Ms. Featherstone's article was a nice fluffy overview that passed on the "crux of the biscuit," so to speak. Oh well, maybe it is "too wonky," but I mean the issue of how to pay for these renewable energy systems we so desperately need (for jobs, for replacements to polluting and risky electricity production like coal, natural gas and nuke-based systems, and so we don't have to export money for fuels like natural gas and coal).
Not all renewables will work in places like NY State. However, there is more than enough potential from run-of-river, tidal and especially onshore and offshore commercial scale wind turbines to more than power up NY, and this can be done at prices near the current going rates. However, approaches like photovoltaic will always be very expensive--a consequence of living where there is a lot of rain and snow (but no deserts, either).
What is needed is an economic arrangement that takes into account the capital-intensive nature and the price stability that comes from having moving air and moving water as an energy source. The US has a "welfare for the really really rich" system of renewable energy financing, and it produces less than desirable quantities at prices higher than are necessary. This system also maximizes economic risk in conjunction with NY State's "casino electricity pricing," alias the NYISO system. There are better ways than to shovel boatloads of tax credits and tax deductions to the upper 1 percent of the economic pyramid.
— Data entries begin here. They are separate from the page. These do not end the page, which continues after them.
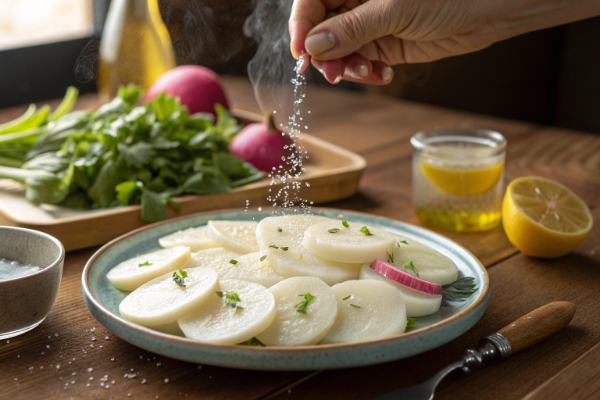 یک بشقاب شلغم داغ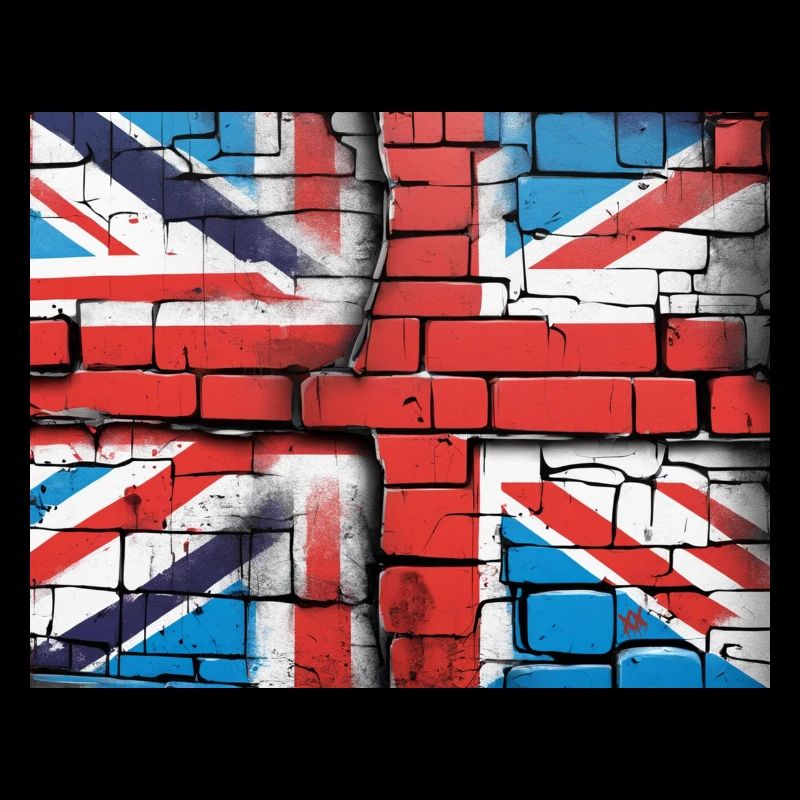 Britische Flagge Graffiti Kunst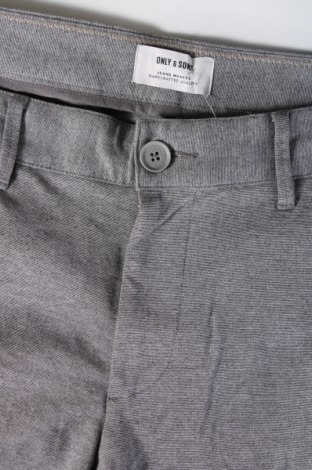 Herrenhose Only & Sons, Größe L, Farbe Grau, Preis € 27,49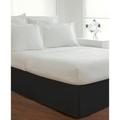 Luxury Hotel Classic Tailored 14" Drop Black Bed Skirt by Levinsohn Textiles in Black (Size TWIN)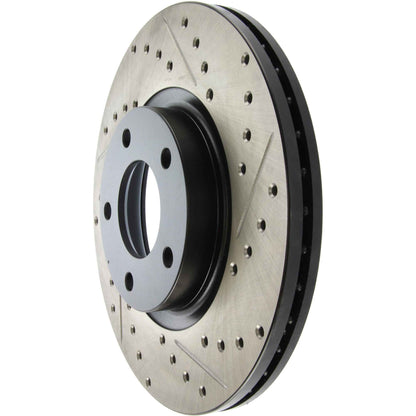 StopTech  Sport Drilled/Slotted Brake Rotor; Front Left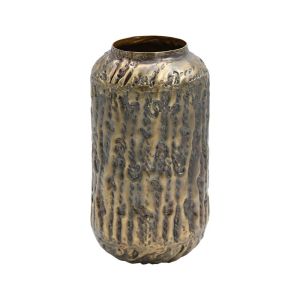 МЕТАЛНА ДЕКОРАТИВНА ВАЗА FL7825 БРОНЗ ЦВЯТ 15x29cm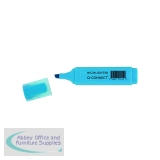 Q-Connect Blue Highlighter Pen (10 Pack) KF01114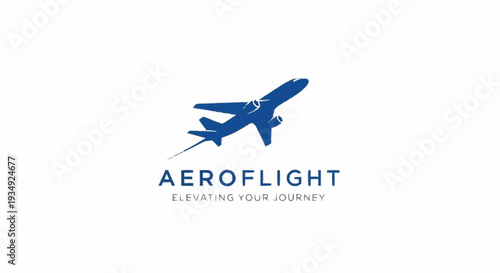 Aeroflight Airline Logo Design with Airplane.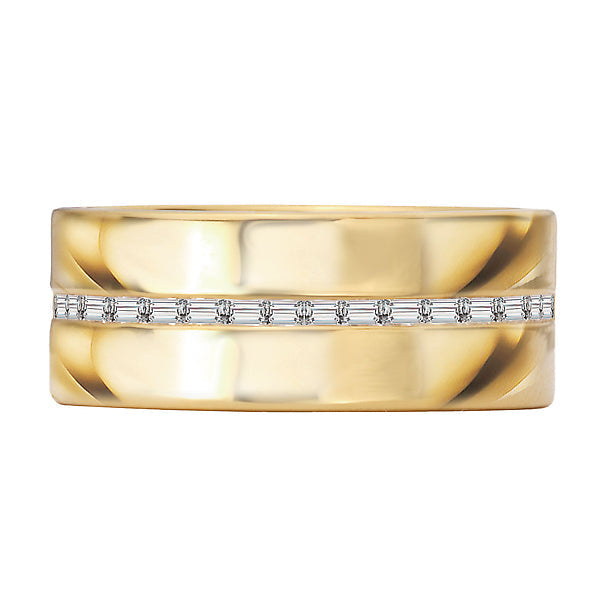 Ladies Fashion Wide Band Diamond Ring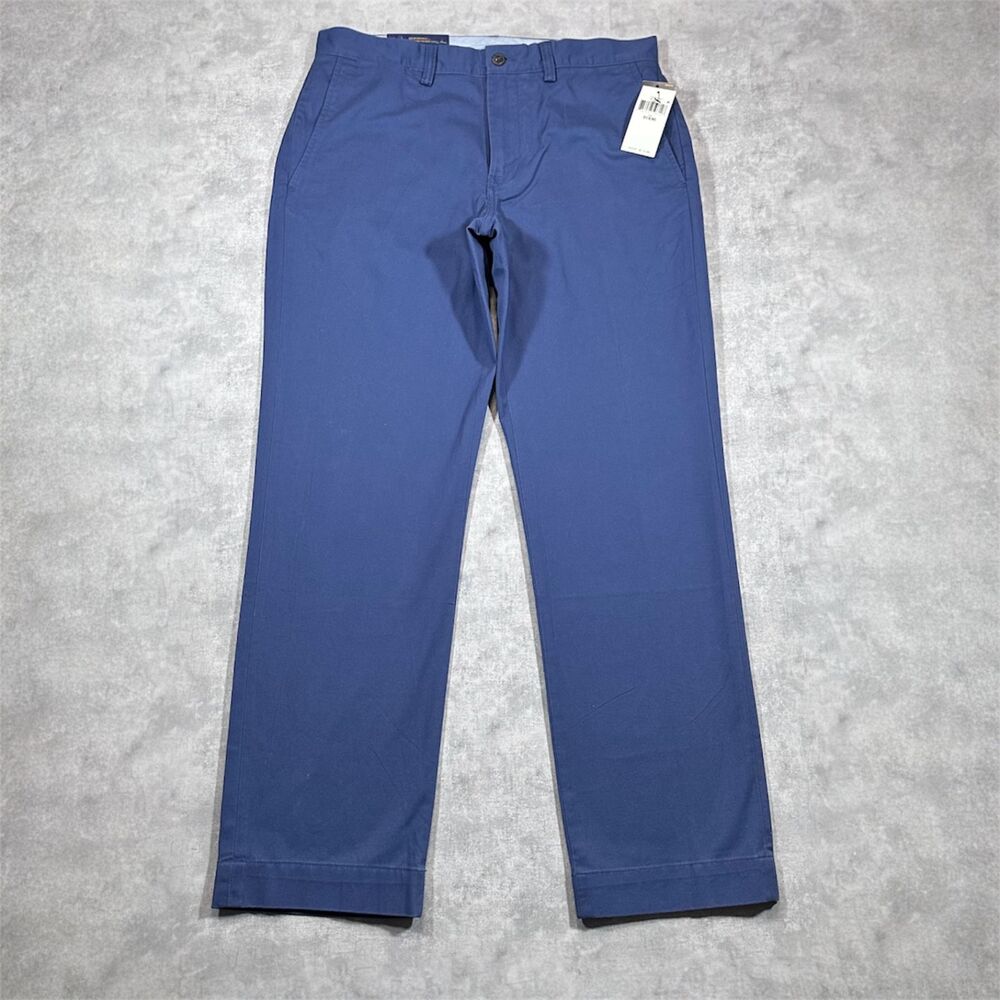 Polo Ralph Lauren Men Navy 31x30 Stretch Straight Fit Chino Pants Brand New Tag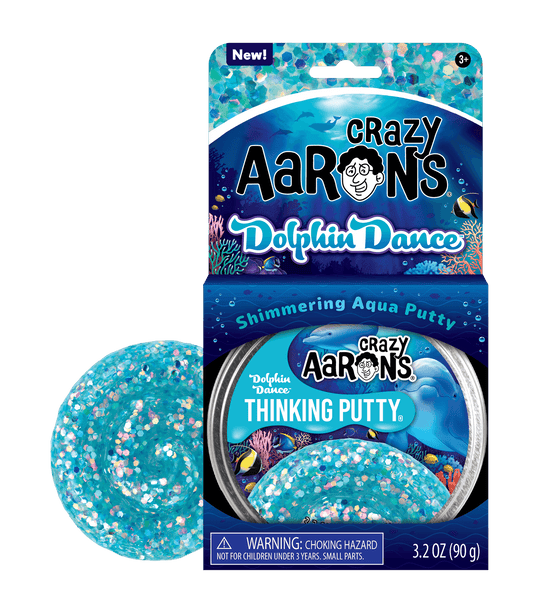 Crazy Aarons Thinking Putty Trendsetter Dolphin Dance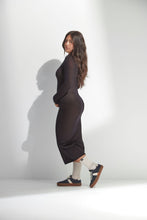 Load image into Gallery viewer, Standard Issue Cotton Henley Dress - Black Hyde Boutique
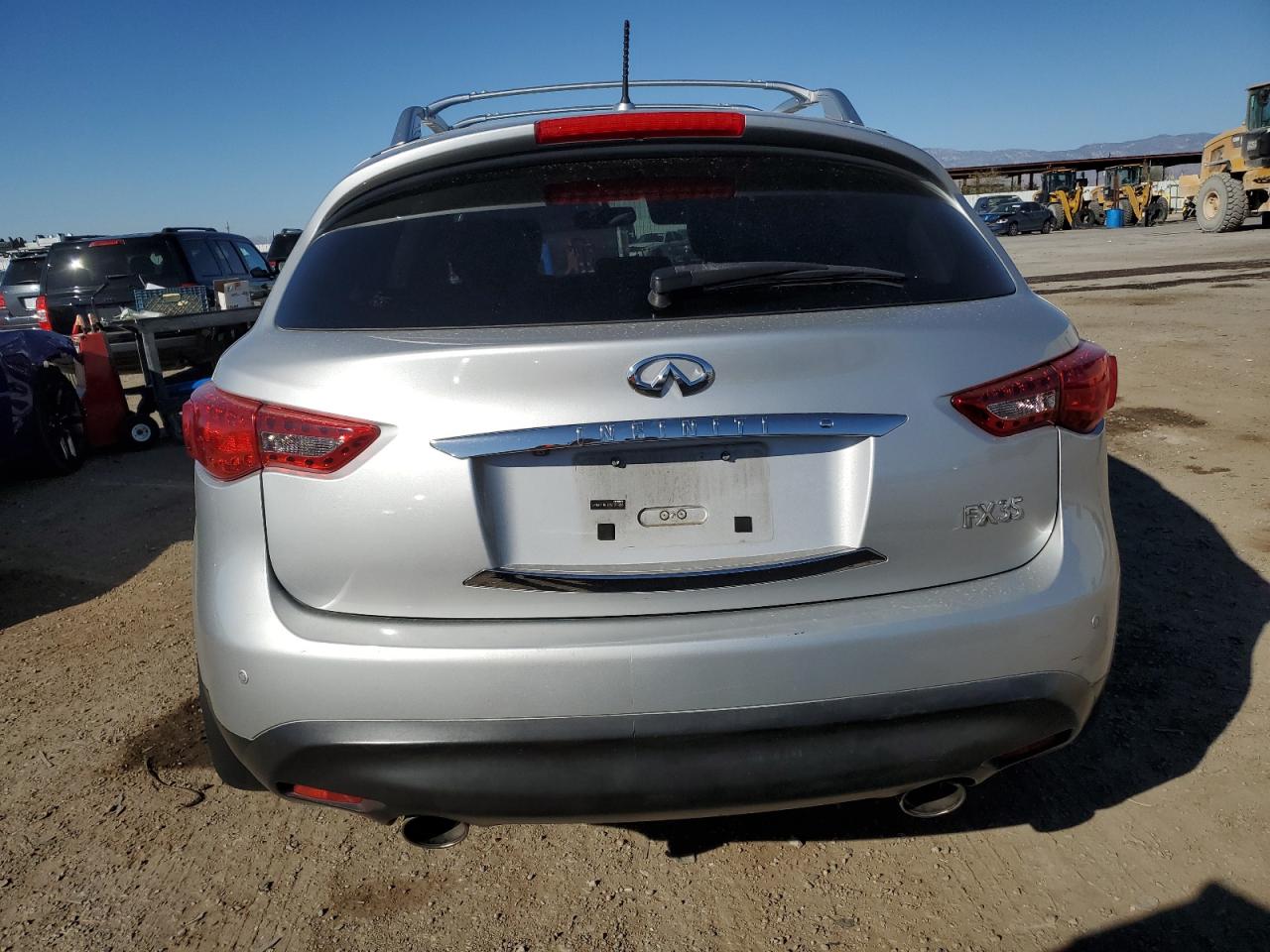 2012 Infiniti FX VIN JN8AS1MUXCM120858 Copart auction photo, undercarriage / front end damage thumbnail 6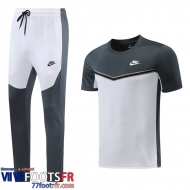 Survetement T Shirt Sport blanc gris foncé Homme 2022 2023 TG481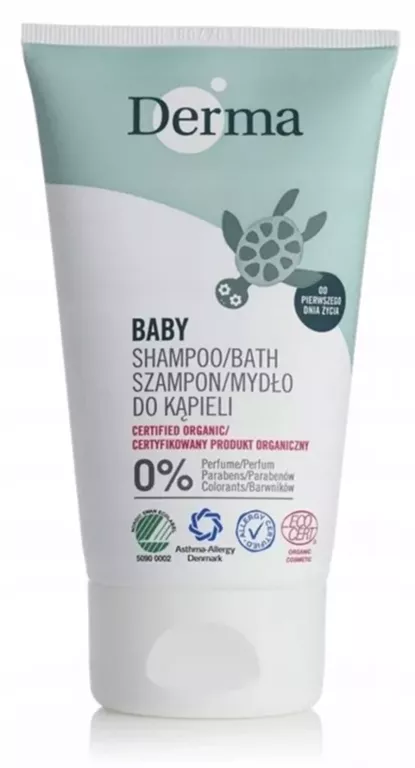 DERMA ECO BABY SZAMPON I MYDŁO DO KĄPIELI 150ML 5709954024333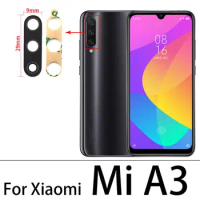 100 Pcs ， Mi A3 Back Camera Glass Lens For Xiaomi Mi A2 lite A1 A2 A3 Rear Camera Lens Glass With Glue Mobile Phone Frames Smart
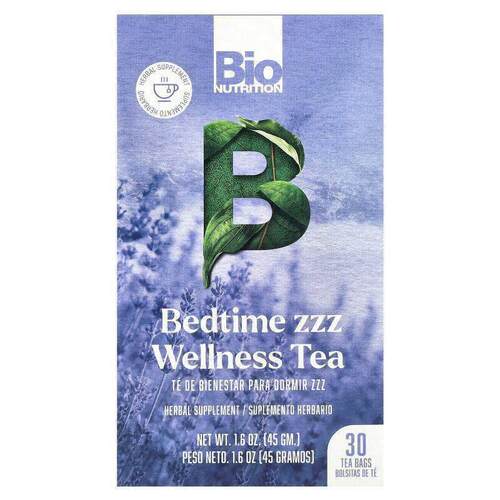 生物营养，睡前zzz健康茶，不含咖啡因，30个茶包，1.6盎司（45克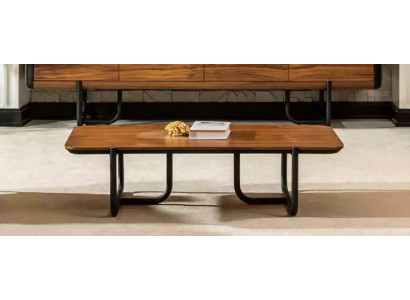 Mesa de centro de diseño de sala de estar Mesa de madera marrón Mesas de café Muebles de salón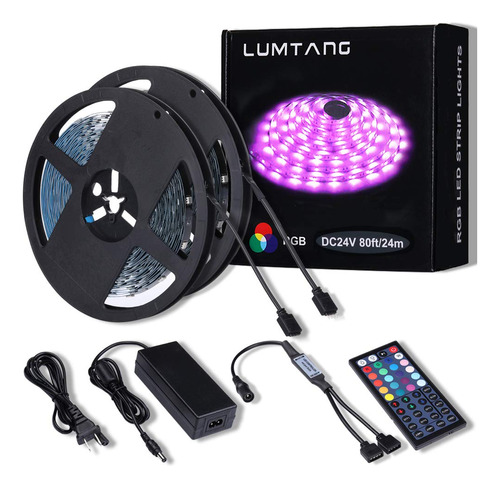 Tira Luz Led Rgb Pie Smd Que Cambia Color Tecla Control Rf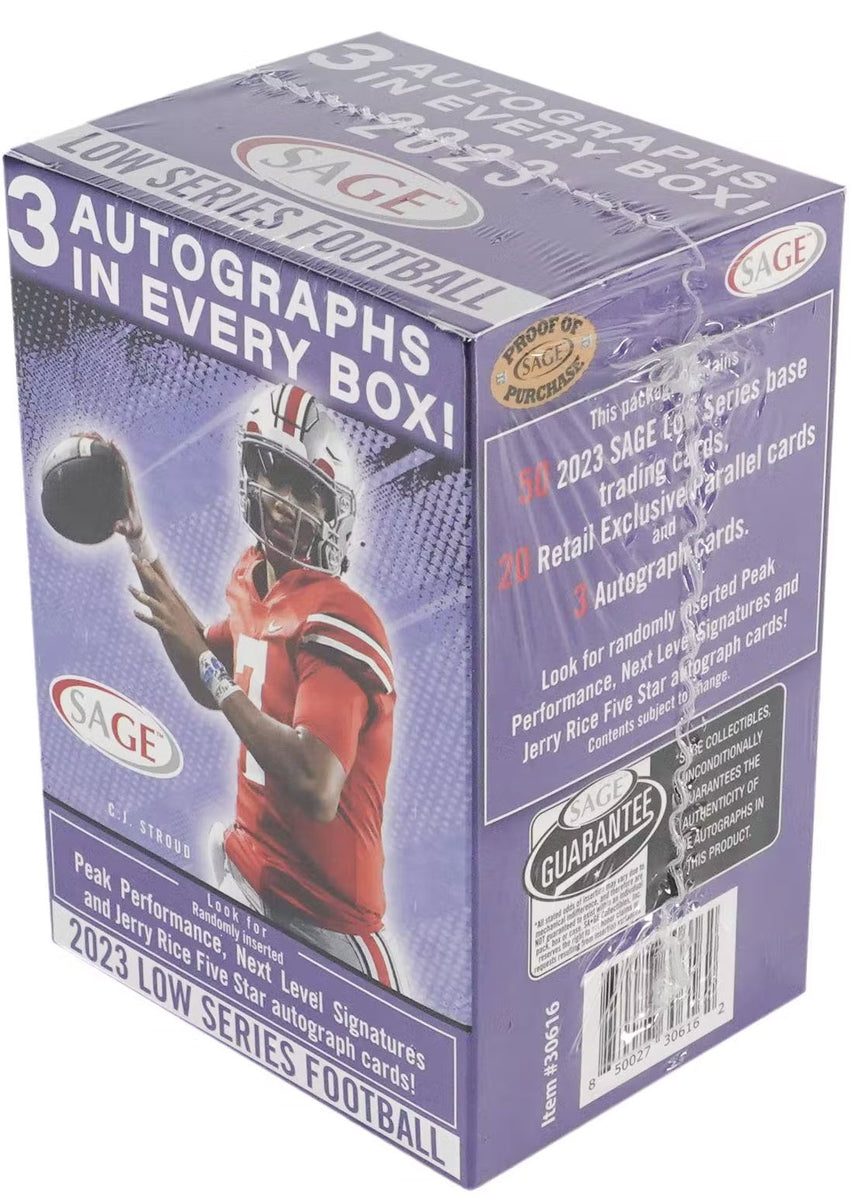 2021 Leaf Draft Football Retail Blaster Box-2 Autos+50 Card Set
In much of Europe, they use a more "adult" system known as feed-in laws. This delivers more energy at lower cost and at no loss to taxpayers. To realize the "45 x 15" goal, NY will need this approach. And this will also maximize the possibility of getting renewable energy manufacturing in this state. Without a feed-in law system, NY will be a major loser in the renewable energy industry, and this is an industry that was $17 billion in size for wind alone in the US in 2008, growing at about 60 percent a year. It could be bigger than the auto industry with feed-in laws, but without this sensible economic approach, we will end up continually poorer every year.
So, maybe you should do an article on how to make renewable energy profitable. We already have way too many fluff articles on this topic.
Below is a summary of this better approach.
Renewable Feed-In Laws (RFILs)
1. Proven best method to commercialize renewable energy (RE), add RE capacity
2. Fairest, most democratic and also very sensible capitalist economics for RE
3. Overcomes lack of external costs paid by polluting (fossil, nuclear) generators
4. Stabilizes electricity prices initially--provides ceiling to prices, price predictability
5. Results in lower electricity prices over the long term (ten-to-twenty-year period)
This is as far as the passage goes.